(EXCERPTED RECORDS)

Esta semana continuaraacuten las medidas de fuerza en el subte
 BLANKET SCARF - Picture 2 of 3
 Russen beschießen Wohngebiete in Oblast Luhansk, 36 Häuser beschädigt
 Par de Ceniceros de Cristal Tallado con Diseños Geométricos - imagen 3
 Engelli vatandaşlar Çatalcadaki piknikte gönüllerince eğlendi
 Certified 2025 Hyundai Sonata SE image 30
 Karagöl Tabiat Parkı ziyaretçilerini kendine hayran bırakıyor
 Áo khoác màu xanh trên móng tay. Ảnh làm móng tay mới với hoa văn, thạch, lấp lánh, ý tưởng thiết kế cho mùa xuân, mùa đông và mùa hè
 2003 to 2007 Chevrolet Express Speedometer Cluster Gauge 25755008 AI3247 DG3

(End EXCERPTED RECORDS)

> [EXERCISE DETAILS] Return every record above exactly, line by line.

> [RESPONSE AREA]
Esta semana continuaraacuten las medidas de fuerza en el subte
 BLANKET SCARF - Picture 2 of 3
 Russen beschießen Wohngebiete in Oblast Luhansk, 36 Häuser beschädigt
 Par de Ceniceros de Cristal Tallado con Diseños Geométricos - imagen 3
 Engelli vatandaşlar Çatalcadaki piknikte gönüllerince eğlendi
 Certified 2025 Hyundai Sonata SE image 30
 Karagöl Tabiat Parkı ziyaretçilerini kendine hayran bırakıyor
 Áo khoác màu xanh trên móng tay. Ảnh làm móng tay mới với hoa văn, thạch, lấp lánh, ý tưởng thiết kế cho mùa xuân, mùa đông và mùa hè
 2003 to 2007 Chevrolet Express Speedometer Cluster Gauge 25755008 AI3247 DG3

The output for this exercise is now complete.